MTR to donate another HK$5 million to Hong Kong arson victims, amid criticism
Chairman Frederick Ma earlier refuted accusations of being ‘unsympathetic’, and said company already helped raise over HK$2 million for 13 injured
Hong Kong’s railway operator announced on Friday night that it would donate another HK$5 million in cash to passengers who were injured in a petrol attack on one of its trains earlier this year.
The donation by MTR Corporation takes the total amount of money for victims of the firebomb incident to HK$7 million, including HK$2 million raised between February and March.
An MTR spokeswoman said the details for beneficiaries, such as individual amounts and the exact number of recipients, would be ironed out soon.
The announcement came less than a day after chairman Frederick Ma Si-hang revealed in an interview in London that MTR was “still considering spending money” to help the victims.
He was addressing accusations levelled at him by victims and a lawmaker who said Ma had been “unsympathetic” in handling the incident.
Ma claimed the company and the Tung Wah Group of Hospitals initiated a fundraising campaign collecting HK$2.4 million. He said the company and its staff had brought in HK$2 million and that the money had already been distributed to 13 injured passengers.
In total, 19 commuters were hurt in the February 10 evening rush-hour incident, and a 60-year-old man was arrested and charged with arson.
At a press conference on Monday, some of the victims demanded MTR compensate them for their injuries, claiming they had received nothing but fruit baskets from the company.
Democratic Party lawmaker Roy Kwong Chun-yu, whom some had contacted for help, said the lack of compensation showed Ma was “unsympathetic” and putting up a “public relations show”.

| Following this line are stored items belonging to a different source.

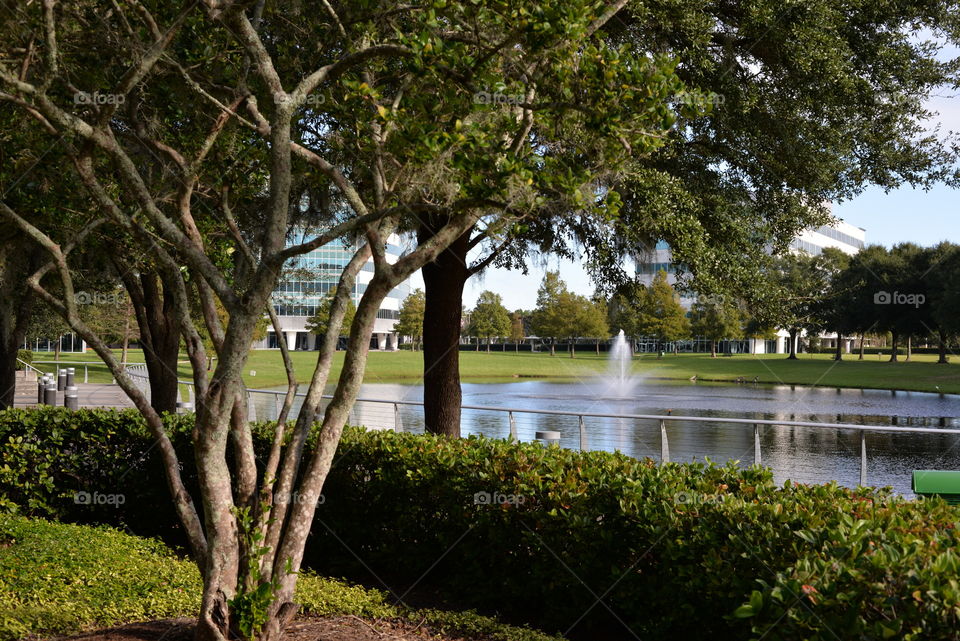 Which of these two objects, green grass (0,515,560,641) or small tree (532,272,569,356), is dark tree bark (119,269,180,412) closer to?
green grass (0,515,560,641)

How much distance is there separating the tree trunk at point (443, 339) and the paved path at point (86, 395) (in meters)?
15.9

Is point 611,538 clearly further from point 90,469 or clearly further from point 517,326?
point 517,326

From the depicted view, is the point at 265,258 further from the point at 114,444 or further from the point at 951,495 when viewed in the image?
the point at 114,444

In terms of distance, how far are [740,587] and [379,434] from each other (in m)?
3.69

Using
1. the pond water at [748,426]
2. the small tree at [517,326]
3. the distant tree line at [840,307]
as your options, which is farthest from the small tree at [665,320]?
the small tree at [517,326]

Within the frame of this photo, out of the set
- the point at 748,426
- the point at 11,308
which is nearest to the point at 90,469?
the point at 11,308

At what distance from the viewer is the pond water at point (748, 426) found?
17.7 metres

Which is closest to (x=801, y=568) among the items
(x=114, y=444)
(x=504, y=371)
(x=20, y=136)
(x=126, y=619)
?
(x=126, y=619)

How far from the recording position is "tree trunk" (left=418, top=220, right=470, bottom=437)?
10.9 m

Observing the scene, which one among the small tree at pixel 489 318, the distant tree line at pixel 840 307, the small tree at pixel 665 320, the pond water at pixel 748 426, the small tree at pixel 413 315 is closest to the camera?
the pond water at pixel 748 426

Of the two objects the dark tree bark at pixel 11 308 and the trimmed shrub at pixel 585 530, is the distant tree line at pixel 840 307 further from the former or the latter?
the dark tree bark at pixel 11 308

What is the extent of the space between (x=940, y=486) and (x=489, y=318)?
7033 centimetres

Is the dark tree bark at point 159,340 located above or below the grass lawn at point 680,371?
above

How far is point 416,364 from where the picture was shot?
2532 inches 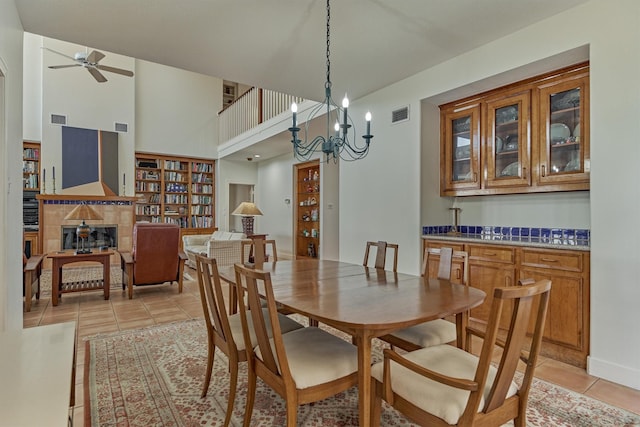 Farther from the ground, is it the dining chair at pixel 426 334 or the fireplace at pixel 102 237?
the fireplace at pixel 102 237

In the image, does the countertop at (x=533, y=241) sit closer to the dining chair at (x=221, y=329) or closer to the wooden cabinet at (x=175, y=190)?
the dining chair at (x=221, y=329)

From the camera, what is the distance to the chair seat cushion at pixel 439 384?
4.06 ft

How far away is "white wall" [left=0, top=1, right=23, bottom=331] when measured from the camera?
7.40ft

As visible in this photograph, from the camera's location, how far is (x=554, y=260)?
105 inches

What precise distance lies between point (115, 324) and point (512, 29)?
4.59 metres

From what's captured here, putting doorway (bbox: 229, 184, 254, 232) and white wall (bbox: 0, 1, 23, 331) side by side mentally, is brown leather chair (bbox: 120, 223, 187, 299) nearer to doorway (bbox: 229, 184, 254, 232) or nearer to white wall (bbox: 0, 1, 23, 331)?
white wall (bbox: 0, 1, 23, 331)

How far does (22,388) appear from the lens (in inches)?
48.2

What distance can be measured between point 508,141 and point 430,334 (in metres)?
2.24

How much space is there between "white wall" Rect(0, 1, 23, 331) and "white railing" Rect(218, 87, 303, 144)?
337 cm

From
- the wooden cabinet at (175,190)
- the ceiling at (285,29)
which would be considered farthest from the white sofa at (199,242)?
the ceiling at (285,29)

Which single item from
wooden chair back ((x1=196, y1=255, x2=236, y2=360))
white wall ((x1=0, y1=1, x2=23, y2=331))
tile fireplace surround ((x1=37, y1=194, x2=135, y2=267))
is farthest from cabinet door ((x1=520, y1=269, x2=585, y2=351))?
tile fireplace surround ((x1=37, y1=194, x2=135, y2=267))

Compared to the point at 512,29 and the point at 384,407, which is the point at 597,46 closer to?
the point at 512,29

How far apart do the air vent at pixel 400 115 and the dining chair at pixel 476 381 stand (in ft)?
9.54

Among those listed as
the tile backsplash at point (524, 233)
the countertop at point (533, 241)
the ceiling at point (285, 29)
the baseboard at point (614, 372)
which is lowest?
the baseboard at point (614, 372) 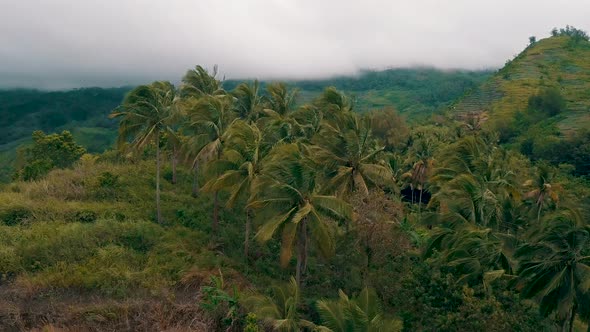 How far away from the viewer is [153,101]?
24703 mm

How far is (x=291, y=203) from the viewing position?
720 inches

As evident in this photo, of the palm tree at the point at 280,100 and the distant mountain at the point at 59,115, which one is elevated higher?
the palm tree at the point at 280,100

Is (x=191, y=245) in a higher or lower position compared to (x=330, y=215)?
lower

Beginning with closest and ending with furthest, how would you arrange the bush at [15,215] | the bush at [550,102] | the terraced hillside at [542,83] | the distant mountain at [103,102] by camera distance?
the bush at [15,215] < the bush at [550,102] < the terraced hillside at [542,83] < the distant mountain at [103,102]

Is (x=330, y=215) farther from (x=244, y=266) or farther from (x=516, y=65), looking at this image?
(x=516, y=65)

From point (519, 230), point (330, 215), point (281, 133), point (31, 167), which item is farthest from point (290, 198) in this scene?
point (31, 167)

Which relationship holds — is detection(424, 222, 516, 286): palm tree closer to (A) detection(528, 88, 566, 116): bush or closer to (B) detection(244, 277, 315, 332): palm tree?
(B) detection(244, 277, 315, 332): palm tree

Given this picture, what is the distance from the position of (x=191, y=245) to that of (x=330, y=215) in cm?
855

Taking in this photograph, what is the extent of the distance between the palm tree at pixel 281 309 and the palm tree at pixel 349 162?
6.14 metres

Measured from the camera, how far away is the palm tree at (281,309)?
16.4m

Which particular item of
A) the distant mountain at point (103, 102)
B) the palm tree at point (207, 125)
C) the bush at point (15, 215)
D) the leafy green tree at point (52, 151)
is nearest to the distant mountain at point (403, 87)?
the distant mountain at point (103, 102)

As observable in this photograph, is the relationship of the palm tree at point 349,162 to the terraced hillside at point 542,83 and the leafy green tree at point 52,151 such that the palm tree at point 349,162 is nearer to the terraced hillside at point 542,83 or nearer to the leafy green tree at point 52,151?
the leafy green tree at point 52,151

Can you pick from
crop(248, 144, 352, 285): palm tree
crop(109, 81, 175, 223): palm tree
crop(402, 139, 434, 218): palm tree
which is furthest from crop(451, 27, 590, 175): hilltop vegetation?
crop(109, 81, 175, 223): palm tree

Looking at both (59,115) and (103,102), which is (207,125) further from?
(103,102)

On the sidelines of a trade symposium at the British capital on Thursday, Ma said it was the insurance company’s loss adjuster that concluded liability for the incident “rested solely with the individual and not the MTR”.

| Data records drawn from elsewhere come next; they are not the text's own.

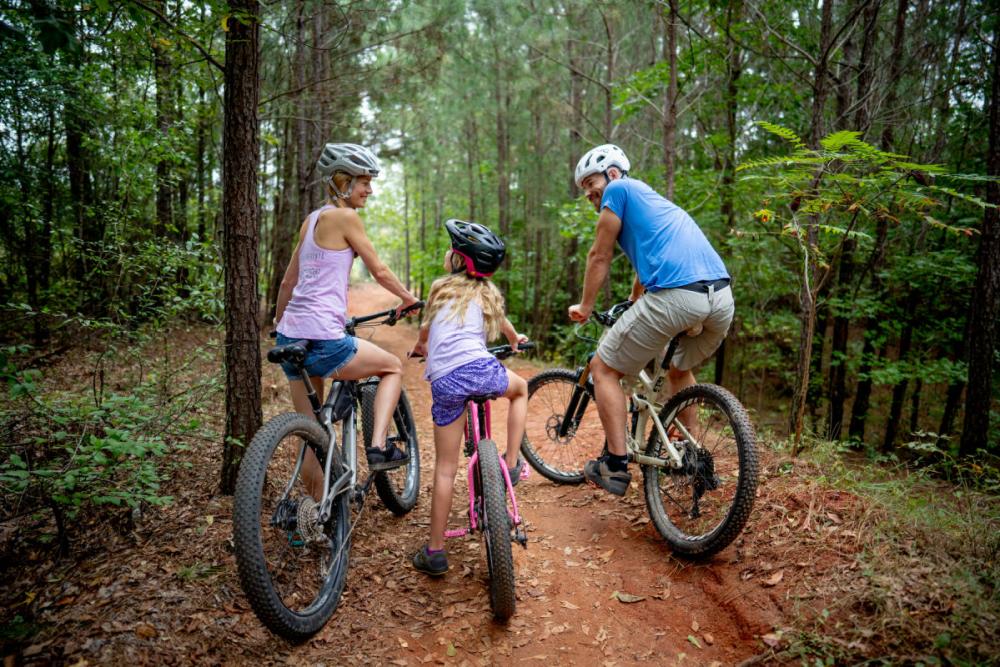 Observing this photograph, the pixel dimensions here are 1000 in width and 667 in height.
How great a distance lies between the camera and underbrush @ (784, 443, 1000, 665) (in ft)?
6.74

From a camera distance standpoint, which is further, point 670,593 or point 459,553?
point 459,553

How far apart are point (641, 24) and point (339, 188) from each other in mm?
10858

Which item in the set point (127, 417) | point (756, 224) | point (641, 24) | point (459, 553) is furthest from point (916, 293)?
point (127, 417)

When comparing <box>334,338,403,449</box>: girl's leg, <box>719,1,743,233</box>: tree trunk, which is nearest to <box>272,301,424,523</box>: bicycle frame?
<box>334,338,403,449</box>: girl's leg

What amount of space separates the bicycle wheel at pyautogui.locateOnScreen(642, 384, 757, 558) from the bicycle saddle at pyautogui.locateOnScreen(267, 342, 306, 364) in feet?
7.42

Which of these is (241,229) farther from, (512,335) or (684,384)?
(684,384)

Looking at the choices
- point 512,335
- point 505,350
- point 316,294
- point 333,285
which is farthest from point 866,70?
point 316,294

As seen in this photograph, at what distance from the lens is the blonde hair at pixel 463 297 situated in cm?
295

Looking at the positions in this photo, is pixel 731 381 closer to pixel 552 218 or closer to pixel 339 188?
pixel 552 218

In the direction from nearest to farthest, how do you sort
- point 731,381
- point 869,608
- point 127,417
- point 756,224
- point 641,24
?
1. point 869,608
2. point 127,417
3. point 756,224
4. point 641,24
5. point 731,381

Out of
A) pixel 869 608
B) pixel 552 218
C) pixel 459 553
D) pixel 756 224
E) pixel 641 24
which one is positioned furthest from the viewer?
pixel 552 218

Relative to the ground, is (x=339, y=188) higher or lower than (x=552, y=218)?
lower

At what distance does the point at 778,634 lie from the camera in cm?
237

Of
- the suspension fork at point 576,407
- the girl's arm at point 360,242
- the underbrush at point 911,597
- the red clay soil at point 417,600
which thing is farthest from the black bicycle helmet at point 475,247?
the underbrush at point 911,597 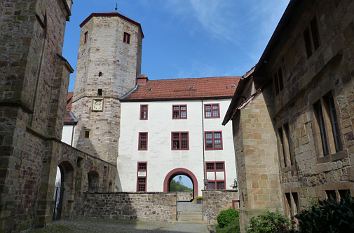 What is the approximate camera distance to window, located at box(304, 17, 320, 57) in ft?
19.9

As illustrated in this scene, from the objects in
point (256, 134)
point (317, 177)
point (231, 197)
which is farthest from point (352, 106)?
point (231, 197)

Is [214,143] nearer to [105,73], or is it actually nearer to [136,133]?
[136,133]

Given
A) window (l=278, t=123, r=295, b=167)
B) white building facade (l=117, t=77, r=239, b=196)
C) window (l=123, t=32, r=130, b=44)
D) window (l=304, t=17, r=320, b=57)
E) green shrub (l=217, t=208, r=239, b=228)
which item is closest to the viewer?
window (l=304, t=17, r=320, b=57)

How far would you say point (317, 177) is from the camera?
608 cm

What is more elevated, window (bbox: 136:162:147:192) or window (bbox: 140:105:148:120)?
window (bbox: 140:105:148:120)

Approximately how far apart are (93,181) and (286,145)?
1440 centimetres

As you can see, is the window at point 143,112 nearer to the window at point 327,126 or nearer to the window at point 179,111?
the window at point 179,111

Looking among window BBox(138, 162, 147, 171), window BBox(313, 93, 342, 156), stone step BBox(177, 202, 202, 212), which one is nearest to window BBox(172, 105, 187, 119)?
window BBox(138, 162, 147, 171)

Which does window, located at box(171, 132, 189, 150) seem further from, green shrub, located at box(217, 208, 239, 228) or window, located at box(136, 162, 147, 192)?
green shrub, located at box(217, 208, 239, 228)

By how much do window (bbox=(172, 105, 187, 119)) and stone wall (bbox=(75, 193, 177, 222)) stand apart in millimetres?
8858

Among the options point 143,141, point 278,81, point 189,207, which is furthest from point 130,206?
point 278,81

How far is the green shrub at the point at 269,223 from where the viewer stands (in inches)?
276

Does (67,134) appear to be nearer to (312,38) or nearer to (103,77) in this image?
(103,77)

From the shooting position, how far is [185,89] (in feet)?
83.6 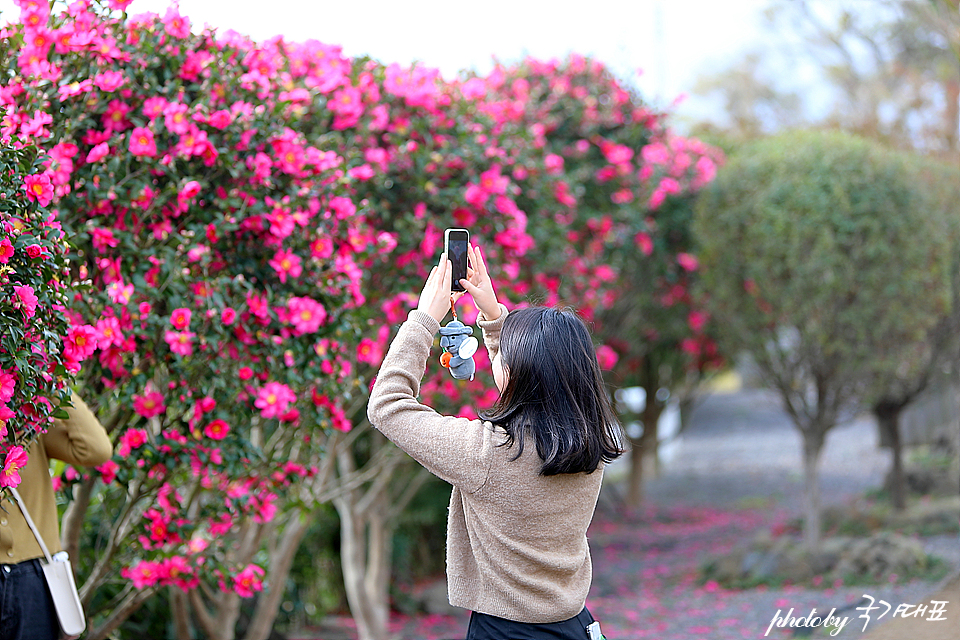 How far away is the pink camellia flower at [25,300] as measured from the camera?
71.4 inches

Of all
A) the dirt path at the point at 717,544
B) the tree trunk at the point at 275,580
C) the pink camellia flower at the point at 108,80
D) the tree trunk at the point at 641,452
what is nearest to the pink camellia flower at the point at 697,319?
the dirt path at the point at 717,544

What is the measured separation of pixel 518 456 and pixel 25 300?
42.8 inches

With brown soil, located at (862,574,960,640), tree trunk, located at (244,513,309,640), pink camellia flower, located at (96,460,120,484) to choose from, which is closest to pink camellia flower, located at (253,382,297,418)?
pink camellia flower, located at (96,460,120,484)

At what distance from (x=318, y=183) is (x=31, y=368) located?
1.37 meters

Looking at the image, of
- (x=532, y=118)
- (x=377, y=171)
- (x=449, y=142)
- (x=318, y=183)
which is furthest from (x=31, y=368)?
(x=532, y=118)

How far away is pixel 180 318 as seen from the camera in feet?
8.47

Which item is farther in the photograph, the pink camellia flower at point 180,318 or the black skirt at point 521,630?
the pink camellia flower at point 180,318

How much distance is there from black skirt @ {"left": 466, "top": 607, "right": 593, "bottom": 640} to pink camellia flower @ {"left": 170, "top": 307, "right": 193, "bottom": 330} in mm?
1304

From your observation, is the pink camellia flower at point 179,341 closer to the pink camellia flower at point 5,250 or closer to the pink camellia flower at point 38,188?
the pink camellia flower at point 38,188

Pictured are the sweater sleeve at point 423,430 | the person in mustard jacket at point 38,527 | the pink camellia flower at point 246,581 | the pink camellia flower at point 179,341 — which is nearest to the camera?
the sweater sleeve at point 423,430

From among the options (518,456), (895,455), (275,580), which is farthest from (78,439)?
(895,455)

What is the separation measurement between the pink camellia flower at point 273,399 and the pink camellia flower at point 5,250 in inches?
40.4

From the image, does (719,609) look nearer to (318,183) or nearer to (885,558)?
(885,558)

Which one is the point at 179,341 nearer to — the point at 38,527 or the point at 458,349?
the point at 38,527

“It was not caused because we did not do well. In terms of legal responsibility, the MTR Corp was a victim too,” Ma said.
“After the incident, we extended our sympathy towards those injured, raised money and donated HK$2 million ... It was regrettable that a lawmaker accused me of being unsympathetic and putting up a show. I hate to be described like that because it’s simply not true.”
Ma had described himself as caught in a dilemma, saying that while he sympathised with the victims, it was also “a matter of principle” that a large listed corporation should not set a precedent of compensating people when a third-party loss adjuster concluded it was not legally responsible.
“We are still thinking of ways to help them ... and money will be spent if we find a way,” he added without elaborating.
Ma said the MTR had set up a panel with independent investigators, which concluded the company’s handling of the attack had been “effective”.
Separately last month, critics in the city questioned why the multibillion-dollar railway operator was only fined HK$2 million for one of its most serious service breakdowns in recent years. That incident affected hundreds of thousands of passengers for up to 10 hours.
But Ma argued the MTR, boasting a service delivery percentage exceeding 99 per cent, was one of the world’s most reliable railway networks.
Ma has also recently faced pressure on other fronts, namely in his role as chairman of Education University’s council. Its student union has sought his apology after Hong Kong’s privacy watchdog chastised the institution for leaking images of two men suspected of pasting posters mocking the suicide of a top education official’s son. The incident sparked a debate over personal data rights and free speech.
The university expressed “regret” for the leak, but some students demanded a personal apology from vice-chancellor Stephen Cheung Yan-leung as well.
Asked if he or Cheung would apologise for the leak, Ma replied: “I would not ... and the vice-chancellor shouldn’t either because it wasn’t us who leaked the images.”